**TASK ITEM**.
Pictures in the listing below are skipped, while the lines from the "704190 Amazon Brand" line through the "Showlu Fashion Store" line are returned word for word.

**GIVEN RECORDS**.
----

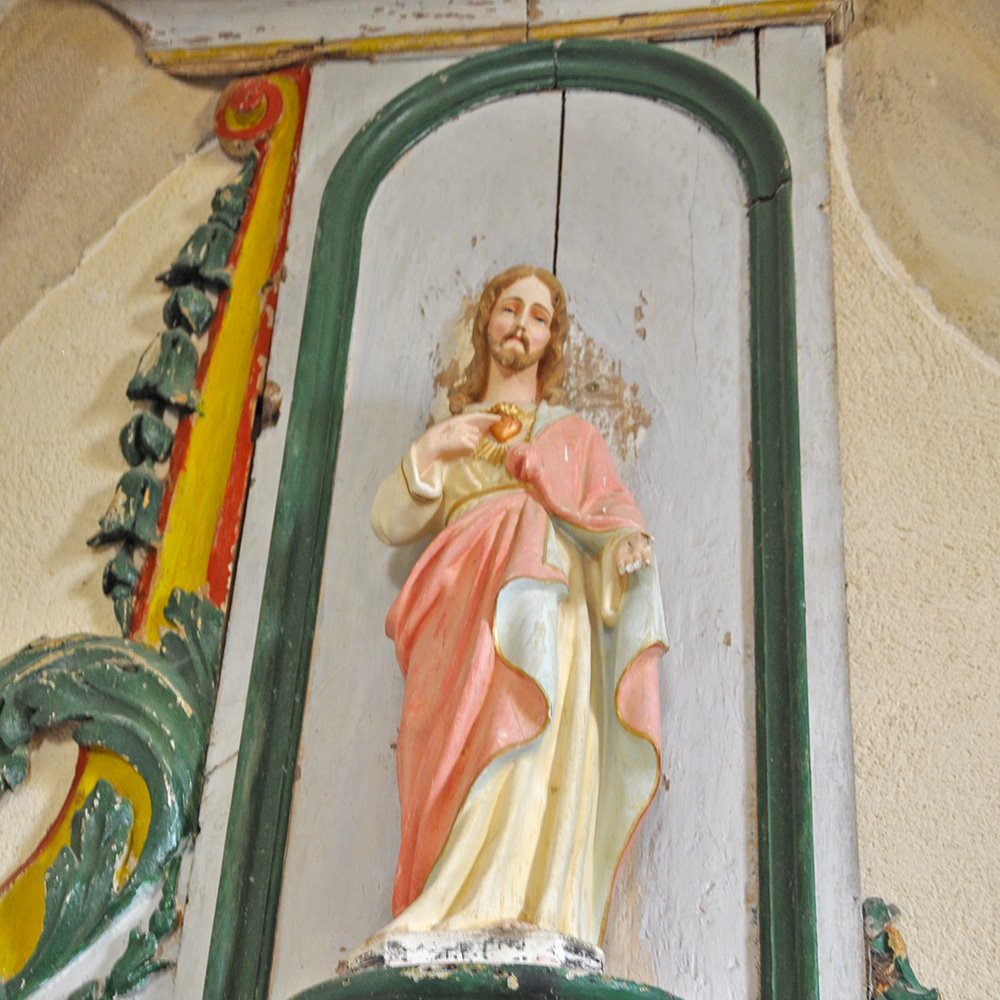 Sculpture à gauche du retable de l'église de Saint-André de Clauzelles - Arnaud Villefranque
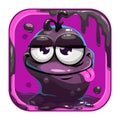 App icon with funny black slimy monster. Royalty Free Stock Photo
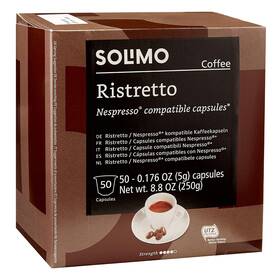 704190 Amazon Brand - Solimo Ristretto Dark Roast Capsules For Original Brewers 50 Count Single Pack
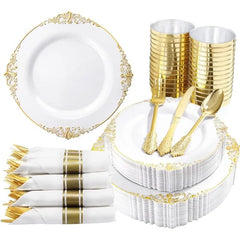 Showlu Fashion Store 350PCS White and Gold Plastic Plates - Gold Plastic Dinnerware Set with Pre Rolled Napkins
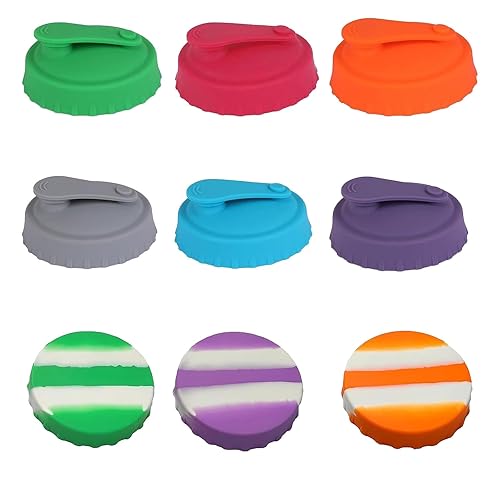 9 Pieces can covers for drinks cans uk, 6 Colour Can Covers for Drinks Cans UK, Spill-Proof, Dishwasher Safe, Food Grade Spill Leak Proof Silicone Can Covers for Beach Camping, Fishing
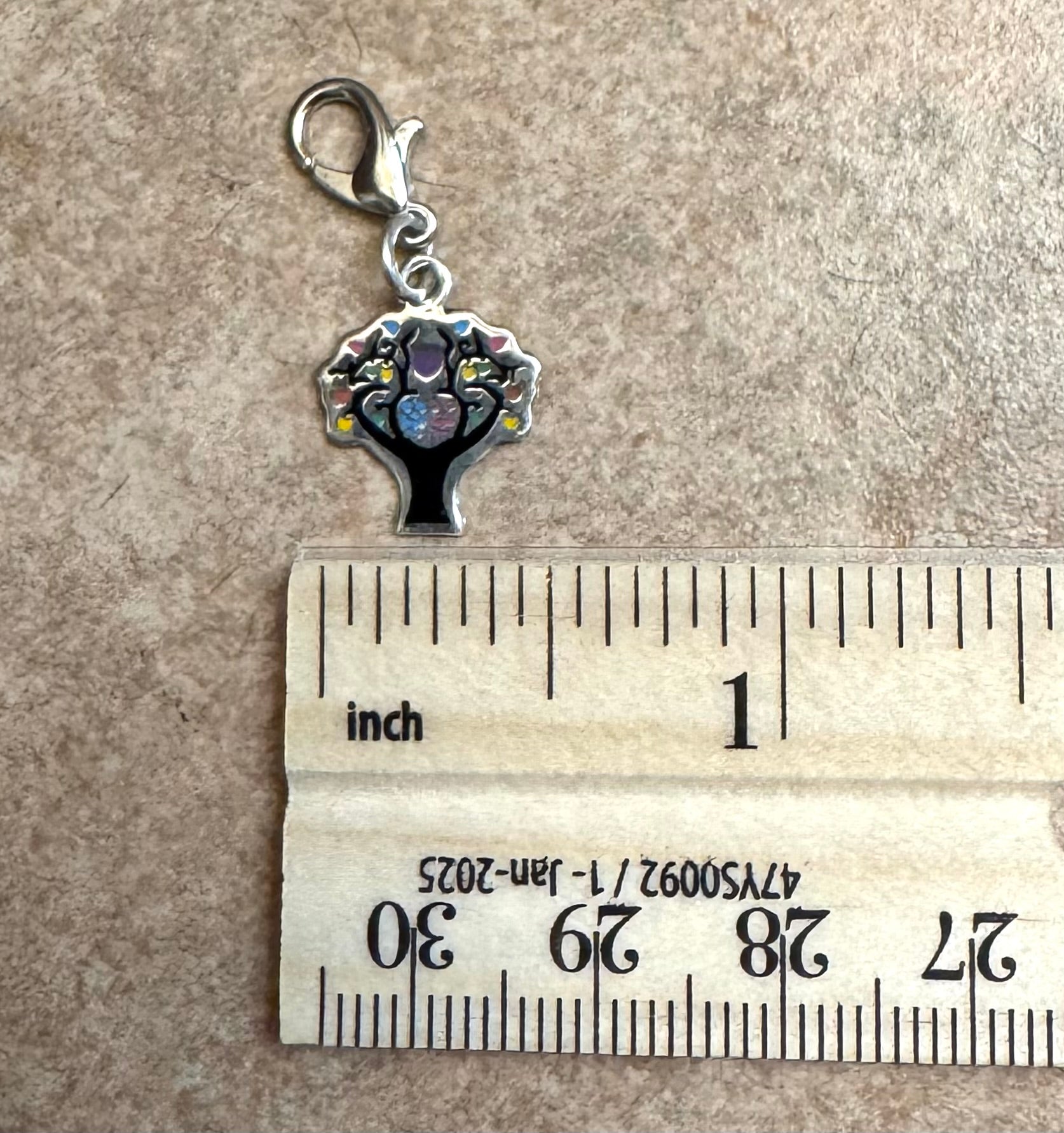 Multicolored Sterling Silver ￼Tree Charm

----

**EXPECTED ANSWER**.
 704190 Amazon Brand - Solimo Ristretto Dark Roast Capsules For Original Brewers 50 Count Single Pack
 Showlu Fashion Store 350PCS White and Gold Plastic Plates - Gold Plastic Dinnerware Set with Pre Rolled Napkins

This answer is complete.